WORK TO BE COMPLETED:
When the line with "Ergonomic Computer Gaming" appears below, start repeating lines exactly, and keep going through the line with "Stainless Steel Name"; add nothing outside that span.

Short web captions

****

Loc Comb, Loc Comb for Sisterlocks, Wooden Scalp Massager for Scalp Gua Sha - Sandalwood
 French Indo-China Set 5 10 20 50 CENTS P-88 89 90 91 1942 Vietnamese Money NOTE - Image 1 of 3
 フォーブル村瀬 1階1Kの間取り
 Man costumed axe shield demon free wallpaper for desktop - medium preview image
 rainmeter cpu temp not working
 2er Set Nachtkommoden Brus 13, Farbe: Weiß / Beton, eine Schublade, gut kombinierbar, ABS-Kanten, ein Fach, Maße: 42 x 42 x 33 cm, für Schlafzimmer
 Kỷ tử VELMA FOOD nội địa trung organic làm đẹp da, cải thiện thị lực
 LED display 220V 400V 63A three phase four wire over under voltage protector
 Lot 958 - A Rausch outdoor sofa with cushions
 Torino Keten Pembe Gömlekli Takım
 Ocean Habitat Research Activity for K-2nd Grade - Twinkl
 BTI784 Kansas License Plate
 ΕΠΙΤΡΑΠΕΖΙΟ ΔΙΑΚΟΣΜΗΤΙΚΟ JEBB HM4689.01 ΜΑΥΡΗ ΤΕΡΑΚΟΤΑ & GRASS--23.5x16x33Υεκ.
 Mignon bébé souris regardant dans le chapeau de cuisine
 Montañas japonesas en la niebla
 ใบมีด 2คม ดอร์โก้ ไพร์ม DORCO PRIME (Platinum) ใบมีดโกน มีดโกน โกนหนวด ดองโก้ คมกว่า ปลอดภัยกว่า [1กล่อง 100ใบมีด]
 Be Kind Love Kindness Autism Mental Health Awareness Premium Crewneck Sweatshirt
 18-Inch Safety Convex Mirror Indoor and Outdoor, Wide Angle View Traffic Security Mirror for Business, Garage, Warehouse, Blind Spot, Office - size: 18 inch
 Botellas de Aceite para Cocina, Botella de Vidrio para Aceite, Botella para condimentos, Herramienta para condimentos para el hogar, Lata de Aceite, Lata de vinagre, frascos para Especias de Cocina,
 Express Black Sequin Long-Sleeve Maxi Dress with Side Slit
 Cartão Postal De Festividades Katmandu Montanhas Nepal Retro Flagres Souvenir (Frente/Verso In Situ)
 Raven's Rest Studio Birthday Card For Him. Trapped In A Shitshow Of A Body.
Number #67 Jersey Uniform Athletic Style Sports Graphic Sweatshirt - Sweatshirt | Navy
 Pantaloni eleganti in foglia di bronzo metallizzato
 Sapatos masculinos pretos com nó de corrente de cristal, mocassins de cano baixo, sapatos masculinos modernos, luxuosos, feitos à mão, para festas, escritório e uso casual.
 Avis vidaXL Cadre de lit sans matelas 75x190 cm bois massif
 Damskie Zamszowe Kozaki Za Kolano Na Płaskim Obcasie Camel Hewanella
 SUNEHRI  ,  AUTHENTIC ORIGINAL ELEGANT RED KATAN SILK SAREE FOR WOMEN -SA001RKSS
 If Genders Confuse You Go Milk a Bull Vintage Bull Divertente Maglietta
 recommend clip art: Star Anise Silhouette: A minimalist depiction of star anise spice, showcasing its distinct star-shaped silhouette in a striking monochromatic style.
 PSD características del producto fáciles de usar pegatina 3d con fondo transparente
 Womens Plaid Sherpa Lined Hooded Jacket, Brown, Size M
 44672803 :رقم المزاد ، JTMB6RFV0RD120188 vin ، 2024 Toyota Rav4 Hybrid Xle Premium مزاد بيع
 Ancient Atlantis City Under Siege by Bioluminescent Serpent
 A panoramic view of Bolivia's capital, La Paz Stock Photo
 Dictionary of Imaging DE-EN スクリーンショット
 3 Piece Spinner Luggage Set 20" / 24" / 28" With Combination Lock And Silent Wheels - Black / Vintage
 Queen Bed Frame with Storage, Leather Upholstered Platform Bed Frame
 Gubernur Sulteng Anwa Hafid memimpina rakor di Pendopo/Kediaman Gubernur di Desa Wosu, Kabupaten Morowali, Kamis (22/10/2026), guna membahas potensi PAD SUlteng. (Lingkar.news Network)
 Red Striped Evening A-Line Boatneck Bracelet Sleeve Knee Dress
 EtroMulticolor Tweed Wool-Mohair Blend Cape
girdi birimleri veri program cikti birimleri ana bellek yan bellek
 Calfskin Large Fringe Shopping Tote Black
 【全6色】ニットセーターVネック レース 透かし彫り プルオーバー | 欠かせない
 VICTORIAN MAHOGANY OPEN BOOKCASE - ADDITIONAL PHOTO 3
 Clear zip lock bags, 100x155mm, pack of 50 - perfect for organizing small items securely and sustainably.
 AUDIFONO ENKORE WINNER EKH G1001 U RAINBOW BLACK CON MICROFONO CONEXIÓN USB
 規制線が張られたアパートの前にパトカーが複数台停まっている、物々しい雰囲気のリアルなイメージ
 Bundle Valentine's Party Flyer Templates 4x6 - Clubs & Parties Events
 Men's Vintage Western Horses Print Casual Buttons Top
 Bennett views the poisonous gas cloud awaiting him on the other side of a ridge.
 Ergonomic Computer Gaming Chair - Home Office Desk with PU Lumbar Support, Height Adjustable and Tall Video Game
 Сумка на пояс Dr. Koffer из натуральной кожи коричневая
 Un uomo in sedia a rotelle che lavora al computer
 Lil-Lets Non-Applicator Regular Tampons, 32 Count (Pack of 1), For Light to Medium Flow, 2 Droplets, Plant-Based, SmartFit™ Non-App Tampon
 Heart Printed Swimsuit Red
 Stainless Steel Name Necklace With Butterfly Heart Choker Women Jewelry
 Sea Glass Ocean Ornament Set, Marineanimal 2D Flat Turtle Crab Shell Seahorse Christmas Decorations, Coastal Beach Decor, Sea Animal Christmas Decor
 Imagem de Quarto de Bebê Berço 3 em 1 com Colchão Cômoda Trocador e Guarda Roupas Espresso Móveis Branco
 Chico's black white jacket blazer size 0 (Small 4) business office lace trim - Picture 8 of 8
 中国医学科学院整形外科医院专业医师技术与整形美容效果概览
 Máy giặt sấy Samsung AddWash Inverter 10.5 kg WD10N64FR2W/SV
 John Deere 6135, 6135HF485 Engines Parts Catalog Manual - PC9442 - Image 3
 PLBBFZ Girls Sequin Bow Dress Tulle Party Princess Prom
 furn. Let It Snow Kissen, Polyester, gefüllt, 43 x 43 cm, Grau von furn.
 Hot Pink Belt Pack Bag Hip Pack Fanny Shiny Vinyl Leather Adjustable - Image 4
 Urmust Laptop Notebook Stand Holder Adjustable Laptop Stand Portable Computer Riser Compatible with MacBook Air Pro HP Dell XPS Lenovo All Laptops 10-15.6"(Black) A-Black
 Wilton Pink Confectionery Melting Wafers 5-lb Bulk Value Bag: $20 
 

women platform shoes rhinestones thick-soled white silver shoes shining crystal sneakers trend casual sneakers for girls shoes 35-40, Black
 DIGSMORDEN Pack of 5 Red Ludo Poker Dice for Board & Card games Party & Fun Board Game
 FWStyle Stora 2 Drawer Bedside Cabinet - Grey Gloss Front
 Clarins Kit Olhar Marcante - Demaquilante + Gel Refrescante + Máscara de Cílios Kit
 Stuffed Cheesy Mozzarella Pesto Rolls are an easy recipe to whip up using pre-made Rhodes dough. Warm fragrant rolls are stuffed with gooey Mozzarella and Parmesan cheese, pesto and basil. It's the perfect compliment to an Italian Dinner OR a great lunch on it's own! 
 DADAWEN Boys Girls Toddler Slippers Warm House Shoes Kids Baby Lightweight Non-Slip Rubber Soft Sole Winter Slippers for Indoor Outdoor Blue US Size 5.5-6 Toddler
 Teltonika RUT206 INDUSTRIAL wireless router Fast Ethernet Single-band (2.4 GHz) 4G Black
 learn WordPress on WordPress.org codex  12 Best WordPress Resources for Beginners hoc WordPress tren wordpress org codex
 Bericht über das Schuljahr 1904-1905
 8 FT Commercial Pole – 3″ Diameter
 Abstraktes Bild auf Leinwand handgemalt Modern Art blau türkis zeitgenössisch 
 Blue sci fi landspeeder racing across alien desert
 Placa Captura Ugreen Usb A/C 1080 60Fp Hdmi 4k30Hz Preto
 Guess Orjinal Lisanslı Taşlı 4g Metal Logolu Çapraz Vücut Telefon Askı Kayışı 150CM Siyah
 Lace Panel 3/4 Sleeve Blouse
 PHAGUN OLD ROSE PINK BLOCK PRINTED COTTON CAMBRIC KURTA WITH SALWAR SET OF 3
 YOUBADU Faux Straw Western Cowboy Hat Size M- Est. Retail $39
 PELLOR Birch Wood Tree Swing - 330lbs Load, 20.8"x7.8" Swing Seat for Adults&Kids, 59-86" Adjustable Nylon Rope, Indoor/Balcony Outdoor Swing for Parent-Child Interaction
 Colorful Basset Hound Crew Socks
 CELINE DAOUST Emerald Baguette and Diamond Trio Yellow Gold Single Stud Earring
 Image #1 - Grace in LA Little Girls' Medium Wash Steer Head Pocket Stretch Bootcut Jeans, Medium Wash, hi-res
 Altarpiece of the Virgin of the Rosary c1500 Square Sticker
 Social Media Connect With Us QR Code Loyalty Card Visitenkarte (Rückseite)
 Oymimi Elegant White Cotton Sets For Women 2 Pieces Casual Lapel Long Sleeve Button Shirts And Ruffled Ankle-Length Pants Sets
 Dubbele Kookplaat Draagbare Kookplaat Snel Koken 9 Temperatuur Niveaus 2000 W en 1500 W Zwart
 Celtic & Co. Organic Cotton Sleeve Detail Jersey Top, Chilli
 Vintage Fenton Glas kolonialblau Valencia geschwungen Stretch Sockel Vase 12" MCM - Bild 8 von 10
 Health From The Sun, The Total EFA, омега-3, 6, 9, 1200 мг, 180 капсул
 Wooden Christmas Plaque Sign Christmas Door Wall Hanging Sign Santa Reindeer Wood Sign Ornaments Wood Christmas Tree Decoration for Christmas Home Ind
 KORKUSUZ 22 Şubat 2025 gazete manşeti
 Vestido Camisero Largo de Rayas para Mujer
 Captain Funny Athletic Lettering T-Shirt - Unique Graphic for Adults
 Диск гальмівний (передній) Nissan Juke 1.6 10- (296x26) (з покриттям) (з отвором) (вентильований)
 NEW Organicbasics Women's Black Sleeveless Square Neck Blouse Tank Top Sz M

****

ANSWER SPACE:
 Ergonomic Computer Gaming Chair - Home Office Desk with PU Lumbar Support, Height Adjustable and Tall Video Game
 Сумка на пояс Dr. Koffer из натуральной кожи коричневая
 Un uomo in sedia a rotelle che lavora al computer
 Lil-Lets Non-Applicator Regular Tampons, 32 Count (Pack of 1), For Light to Medium Flow, 2 Droplets, Plant-Based, SmartFit™ Non-App Tampon
 Heart Printed Swimsuit Red
 Stainless Steel Name Necklace With Butterfly Heart Choker Women Jewelry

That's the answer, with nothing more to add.